MIPS64: Adjust Base and Offset

Minimize the number of statements needed to load/store data at an
arbitrary offset from a base register.

Test: test-art-host-gtest
Test: ART_TEST_OPTIMIZING=true test-art-target-run-test

Change-Id: I76cc4b715dbb5b41c76b3c537fbd62bae8409bc0
diff --git a/compiler/utils/mips64/assembler_mips64.cc b/compiler/utils/mips64/assembler_mips64.cc
index 39eb589..c410365 100644
--- a/compiler/utils/mips64/assembler_mips64.cc
+++ b/compiler/utils/mips64/assembler_mips64.cc
@@ -2020,6 +2020,91 @@
   Bcond(label, kCondT, static_cast<GpuRegister>(ft), ZERO);
 }
 
+void Mips64Assembler::AdjustBaseAndOffset(GpuRegister& base,
+                                          int32_t& offset,
+                                          bool is_doubleword) {
+  // This method is used to adjust the base register and offset pair
+  // for a load/store when the offset doesn't fit into int16_t.
+  // It is assumed that `base + offset` is sufficiently aligned for memory
+  // operands that are machine word in size or smaller. For doubleword-sized
+  // operands it's assumed that `base` is a multiple of 8, while `offset`
+  // may be a multiple of 4 (e.g. 4-byte-aligned long and double arguments
+  // and spilled variables on the stack accessed relative to the stack
+  // pointer register).
+  // We preserve the "alignment" of `offset` by adjusting it by a multiple of 8.

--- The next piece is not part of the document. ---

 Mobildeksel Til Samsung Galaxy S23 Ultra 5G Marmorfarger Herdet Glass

+  CHECK_NE(base, AT);  // Must not overwrite the register `base` while loading `offset`.
+
+  bool doubleword_aligned = IsAligned<kMips64DoublewordSize>(offset);
+  bool two_accesses = is_doubleword && !doubleword_aligned;
+
+  // IsInt<16> must be passed a signed value, hence the static cast below.
+  if (IsInt<16>(offset) &&
+      (!two_accesses || IsInt<16>(static_cast<int32_t>(offset + kMips64WordSize)))) {
+    // Nothing to do: `offset` (and, if needed, `offset + 4`) fits into int16_t.
+    return;
+  }
+
+  // Remember the "(mis)alignment" of `offset`, it will be checked at the end.

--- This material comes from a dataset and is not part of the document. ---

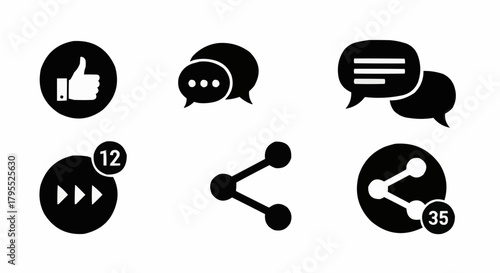 Illustration of social media icons including like comment share and notification symbols in black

+  uint32_t misalignment = offset & (kMips64DoublewordSize - 1);
+
+  // First, see if `offset` can be represented as a sum of two 16-bit signed
+  // offsets. This can save an instruction.

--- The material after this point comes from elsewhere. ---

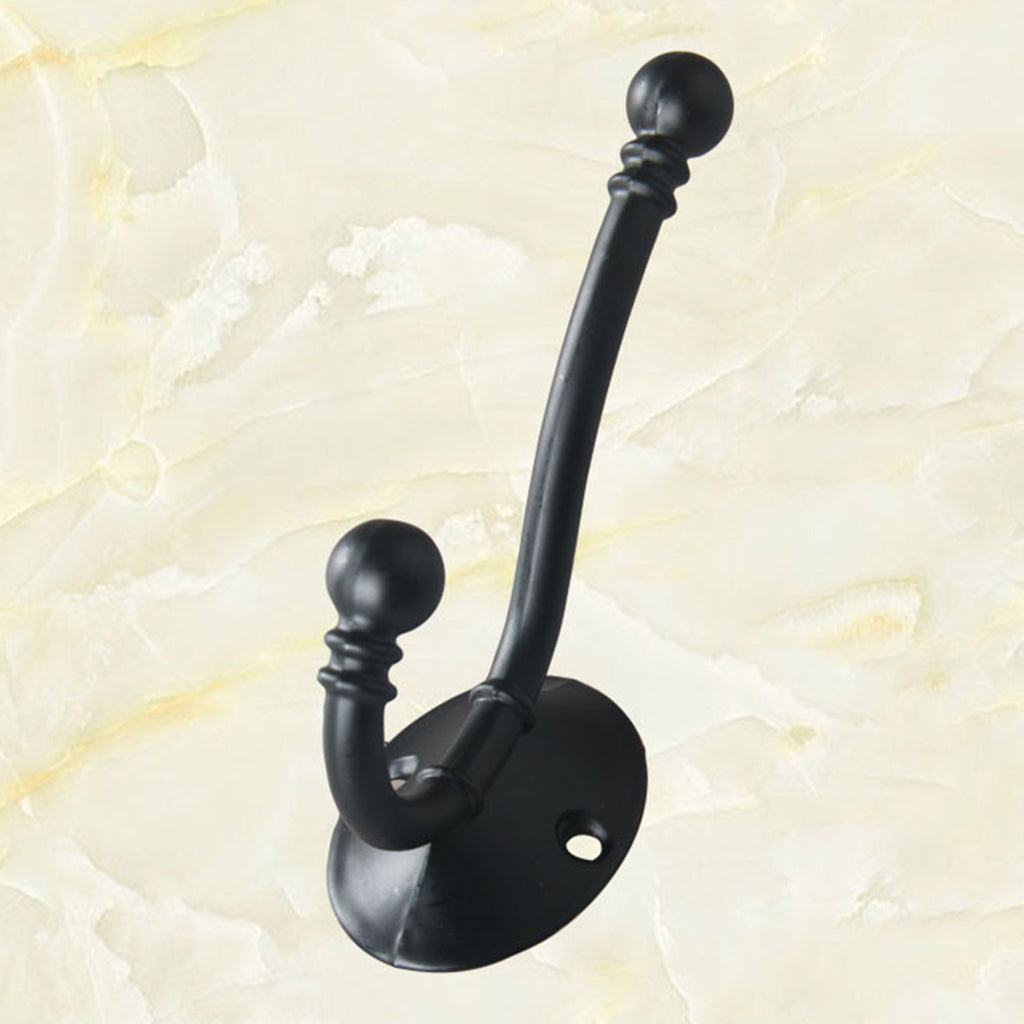 Retro Zinc Alloy Hat Coat Hooks Ancient Rustic Shabby Door Wall Metal Hanger Black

+  // To simplify matters, only do this for a symmetric range of offsets from
+  // about -64KB to about +64KB, allowing further addition of 4 when accessing
+  // 64-bit variables with two 32-bit accesses.
+  constexpr int32_t kMinOffsetForSimpleAdjustment = 0x7ff8;  // Max int16_t that's a multiple of 8.
+  constexpr int32_t kMaxOffsetForSimpleAdjustment = 2 * kMinOffsetForSimpleAdjustment;
+
+  if (0 <= offset && offset <= kMaxOffsetForSimpleAdjustment) {
+    Daddiu(AT, base, kMinOffsetForSimpleAdjustment);
+    offset -= kMinOffsetForSimpleAdjustment;
+  } else if (-kMaxOffsetForSimpleAdjustment <= offset && offset < 0) {
+    Daddiu(AT, base, -kMinOffsetForSimpleAdjustment);
+    offset += kMinOffsetForSimpleAdjustment;
+  } else {
+    // In more complex cases take advantage of the daui instruction, e.g.:
+    //    daui   AT, base, offset_high
+    //   [dahi   AT, 1]                       // When `offset` is close to +2GB.
+    //    lw     reg_lo, offset_low(AT)
+    //   [lw     reg_hi, (offset_low+4)(AT)]  // If misaligned 64-bit load.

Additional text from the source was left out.